It's not just about gender, sociologist says of adolescent girls

In her new book, Women Without Class: Girls, Race, and Identity, Julie Bettie calls for an overt discussion of social class--along with race and gender--as the key to ending educational inequality.

"Young women are negotiating the multiple axes of race, ethnicity, class, and gender as they come of age, but that complexity often gets overlooked as their practices are misread and their lives misinterpreted as being primarily about gender and sexuality," said Bettie, an assistant professor of sociology at the University of California, Santa Cruz.

A detailed portrait of senior high school girls at a Central Valley high school, Bettie's book lays bare the ways in which young women's lives are too often oversimplified by one-dimensional, gender-focused popular analyses like Reviving Ophelia by Mary Pipher. Girls are, in fact, engaged in a far more complex process of identity formation that guides their choices and shapes their futures, said Bettie, who points to historical and structural forces that shape the lives of contemporary girls, including the growth of low-wage, service-sector jobs, changes in family structure, and changing laws on affirmative action and bilingual education.

But Bettie is equally critical of scholarly studies that focus on race or class to the exclusion of gender. Women Without Class (Berkeley, CA: University of California Press, 2003) has been called "a challenge to feminists who can see only gender and theorists of class and race who cannot see gender at all."

In researching the book, Bettie spent a year interviewing and hanging out with more than 60 white and Mexican American girls from working- and middle-class families during their senior year at a school she calls "Waretown High" to protect the identities of her research subjects. Bettie talked with girls about school, family, work, fashion, dating, friendships, popular culture, college, and their futures. Her book reveals that class differences are part of our everyday interactions but are rarely talked about overtly. Class differences are key to middle-class practices of exclusion that make school success difficult for working-class students across race and ethnicity, she asserts.

Bettie's research shows that school cliques (including "cholas," "hicks," "preps," and "skaters") and the styles they display at times reflected race and class differences among students. Bettie documents the categories of subculture and style that high school students use to express class and racial/ethnic differences among themselves, and she focuses on how girls form their identities in opposition to one another as different kinds of girls. Bettie argues that differences in clothing, makeup, and hairstyle have meaning beyond gender.

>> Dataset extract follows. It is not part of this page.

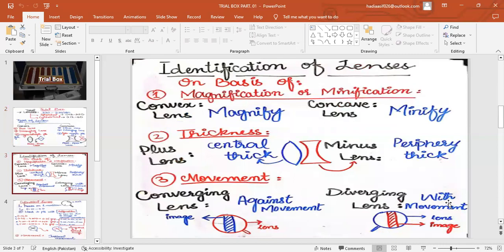How can you identify whether a lens is convex or concave? These are important viva questions. There are three ways to identify whether a lens is plus or minus: first, based on image size — whether it is getting enlarged or getting smaller; second, whether it is thick or thin and from where; and third, the movement of the lens — whether it shows with or against movement. Magnification is the ability of the plus lens.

"Young people have a sense of inequality, but they rarely express it in political terms," she said. "Instead, class struggle is waged over modes of identity expression where style can be used to express group membership."

Contemporary girls' "performances of identity" are complex, she added.

"Adults often fail to see that the practices that disturb them, like sexual display, piercings, and tattoos, often mark class and race relations among girls and are not solely expressions of gender inequality," said Bettie. These "emblems of race and class membership" too often are misunderstood and interpreted as moral differences in sexual practices between supposed "good girls" and "bad girls," she added.

In particular, Bettie recognizes that girls, not just boys, are "class actors" who will hold jobs and have an economic impact. "The fact that girls are future workers gets overlooked when school officials interpret girls' choices about clothing and makeup as solely about an interest in boys and sex, when it can be as much about their identity as members of the working class or of a racial/ethnic group," she said.

Bettie's research reveals the consequence of schools' treatment of "girls without class." For instance, schools too often envision low-income boys as on route to becoming "workers" but tend to see girls--especially working-class and/or Mexican American girls--as on route to various kinds of "family" lives.

On the contrary, even during high school, working-class girls, like boys, were working and bringing home money to assist their family, Bettie found. "Girls, too, are class actors with identities and futures in relation to work and income," said Bettie.

Social policy, too, reduces poor women to a family-based identity, asserted Bettie. "You see it when low-income women--especially welfare mothers--are not understood as poor due to low wages but because they are considered to be in between men," said Bettie. "That view makes their economic dependence on men seem natural or inevitable and sidelines the real causes of women's poverty."

Girls today want and expect to be economically independent from men, which is often possible for middle-class girls and women, noted Bettie. "But the fact is that living-wage working-class jobs are still not available for working-class women and are, in fact, increasingly scarce for young working-class men."

"The problems that working-class girls face are not unique to their age or part of a crisis among youth," said Bettie. "Their problems are the same problems that plague adult working-class women--occupational segregation, low wages, lack of affordable child care, higher education, housing, and health care."

Bettie's research also underscores the salience of race and ethnicity on academic achievement. She found that middle-class students of color were more likely to be represented in working-class and "downwardly mobile" peer groups than were middle-class white students. "At a moment when policy makers are debating affirmative action and the relative importance of race and income on educational achievement, my research shows that class is a key variable for understanding academic achievement but that race and ethnicity remain equally salient," said Bettie.